"""

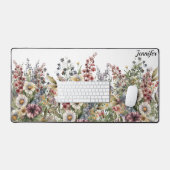 Monogram Elegante waterverf wilde bloem Bureaumat (Keyboard & Muis)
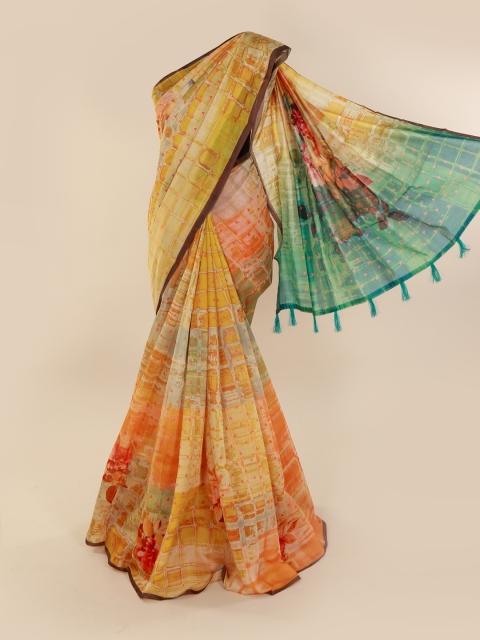 

Pothys Yellow Cotton Blend Printed Chanderi Saree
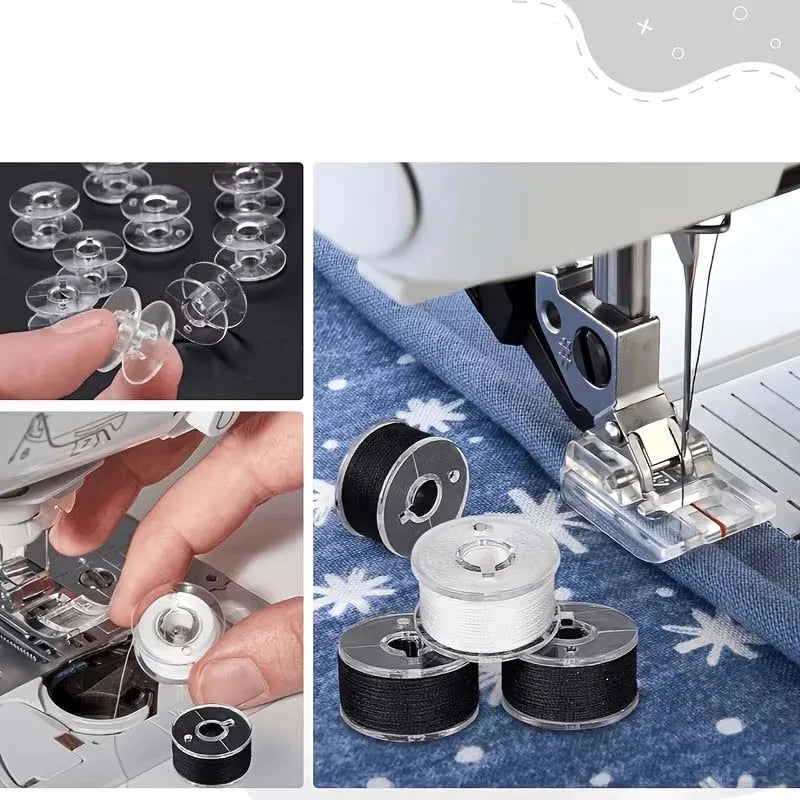 Embroidery Sewing Machine Bobbins for Brother, 90WT Class 15 Plastic Size A SA156 60S/2 Prewound Bobbins, 25pcs Thread Bob Zpaxo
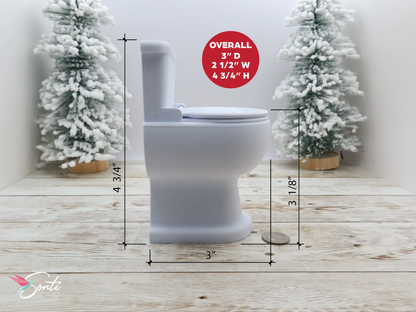 Deluxe Christmas Elf Newspaper and Toilet with Plunger, Toilet Paper Roll + Holder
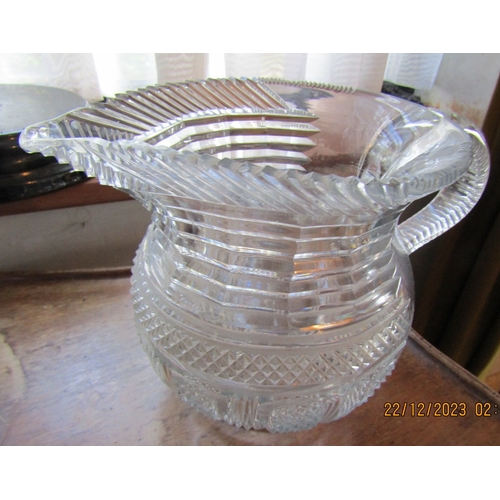 39 - William IV Irish Cut Crystal Table Jug Approximately 10 Inches High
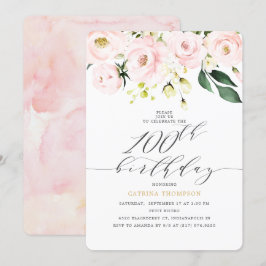 Invitación Elegante Rubor Floral Eucalyptus 100 cumpleaños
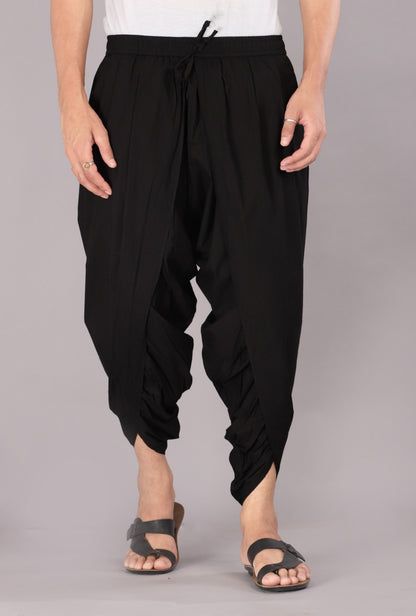 Bold Black Men's Dhoti Pant – Versatile Ethnic and Yoga Wear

"""

--- Task to carry out ---
Begin at the line that contains "39 - William" and transcribe exactly, and only, each line through the final line of the data above, both included; the pictures do not go in.

--- Your solution ---
 39 - William IV Irish Cut Crystal Table Jug Approximately 10 Inches High
 Invitación Elegante Rubor Floral Eucalyptus 100 cumpleaños
 Bold Black Men's Dhoti Pant – Versatile Ethnic and Yoga Wear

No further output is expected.